DATA ▸
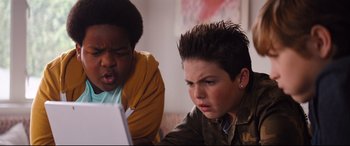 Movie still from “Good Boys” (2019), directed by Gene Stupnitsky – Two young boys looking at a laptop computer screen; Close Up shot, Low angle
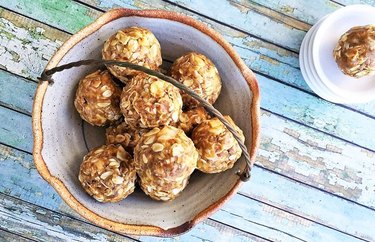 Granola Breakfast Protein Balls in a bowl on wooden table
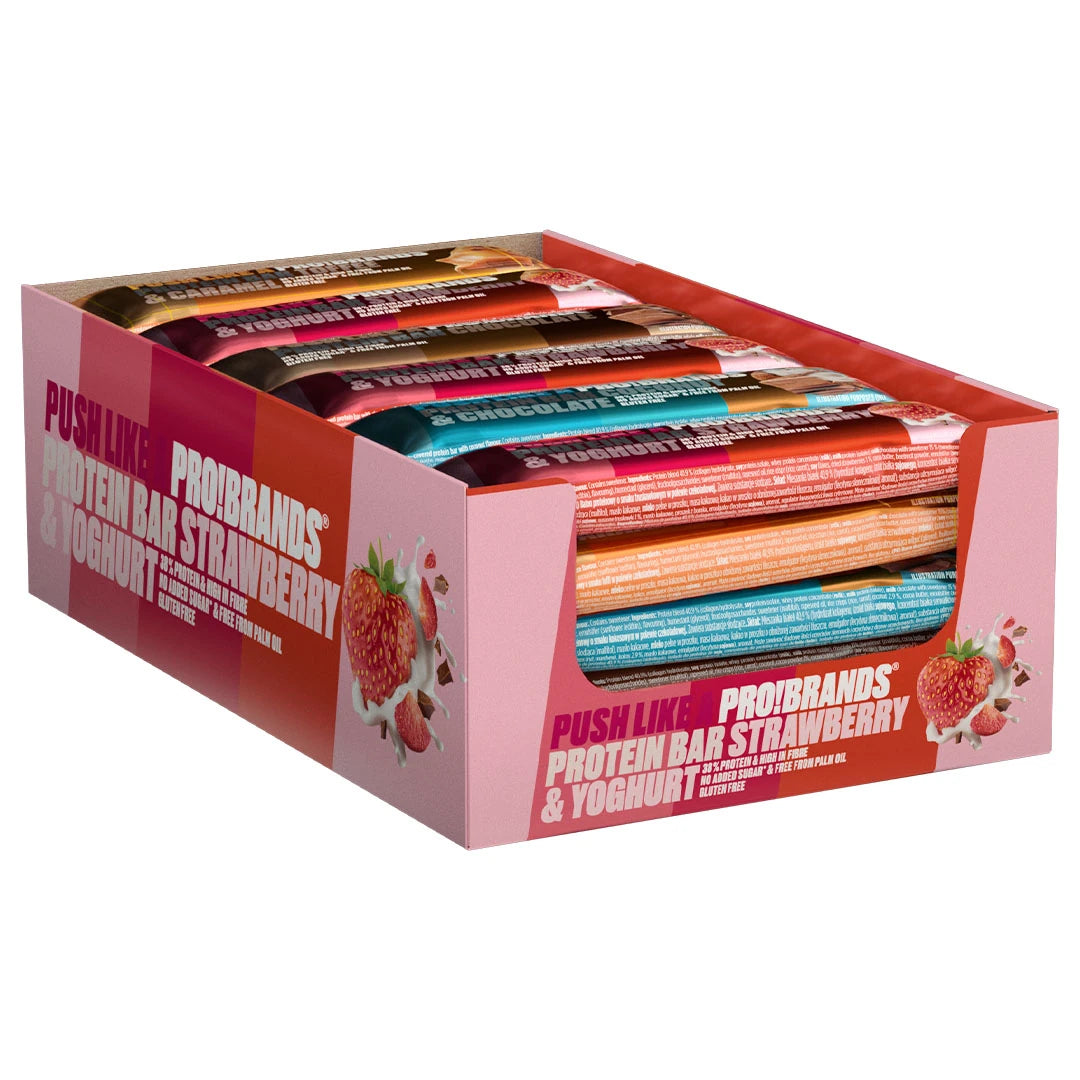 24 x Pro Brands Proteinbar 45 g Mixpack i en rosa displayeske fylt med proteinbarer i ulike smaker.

WORK INSTRUCTIONS ▸ The preceding listing must be repeated exactly, with all images dropped.

WORKED SOLUTION ▸
 Movie still from “Good Boys” (2019), directed by Gene Stupnitsky – Two young boys looking at a laptop computer screen; Close Up shot, Low angle
 Granola Breakfast Protein Balls in a bowl on wooden table
 24 x Pro Brands Proteinbar 45 g Mixpack i en rosa displayeske fylt med proteinbarer i ulike smaker.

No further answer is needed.